Я кладу трубку, одеваюсь и выхожу. Ну и морозище! Роясь в карманах папиной куртки, я нахожу какие-то деньги, и мне удается поймать такси. Я еще ни разу не переступал порог Олиной квартиры и был здесь в роли болванчика, ожидавшего Артема в машине, пока он... пока они там...
Теперь я ему отомщу.
Я звоню и вижу, что дверь приоткрыта... и вдруг, о, Боже! Господи милостивый! Дверь распахивается, и Оленька, Оленька, как маленькая теплая вьюжка, как шальная, бросается мне на шею и целует меня, целует, плача и смеясь, и плача...
— Ну что ты, родная,— шепчу я,— ну что ты...
— Я так люблю тебя, Артем...
Я несу ее прямо в спальню...
— Ты пьян?
— Самолет не выпускали, мы сидели в кафе...
— Артем, милый... Я больше тебя никуда не пущу, никому не отдам... Ладно, Артем? Ну скажи...
Никакой я не Артем, я — Андрей!
— Конечно,— шепчу я на ушко Оленьке,— никому...
Потом мы набрасываемся на холодную курицу, запивая мясо вином, и, насытившись, снова бросаемся в объятья друг другу.

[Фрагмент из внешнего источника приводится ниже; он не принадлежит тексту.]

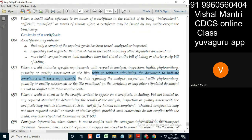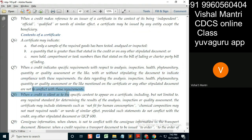Now if this means 'with stipulating,' this is with stipulating the document. So it says that the inspection certificate states the condition. In that case, the data regarding the analysis, inspection, or the like mentioned on the certificate or any other stipulated document are not to conflict — means same thing as above. The data in that document should not conflict with those requirements.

Мы просто шалеем от счастья...
Наутро я в своей теплице. Весь день я отсыпаюсь, а к вечеру ищу куртку Артема. Я не даю себе отчета в своих поступках (это просто напасть какая-то), ныряю в свой лаз... Куда сегодня? Предверие ночи, зима, лютый холод... Куда же еще — домой! Я звоню и по лицу жены Артема, открывшей мне дверь, вижу, что меня здесь не ждут.
— Что случилось?- ее первый вопрос.
Я недовольно что-то бормочу в ответ, мол, все надоело...
— Почему ты в куртке, где твоя шуба?..
Далась им всем эта куртка!
Затем я просто живу... В собственном, так сказать, доме, в своей семье, живу
жизнью Артема. Я ведь знаю ее до йоточки. Пока не приезжает Артем. А я не собираюсь уступать ему место, сижу в его кресле, курю его трубку... Он входит.
— Привет, Андрей, ты...
Это "ты" словно застряло у него в горле. Он стоит в своей соболиной шубе, в соболиной шапке...
— Как ты здесь оказался?...
Что за дурацкий вопрос!
Входит жена, а за нею мой сын... Мой?
Что, собственно, случилось, что произошло?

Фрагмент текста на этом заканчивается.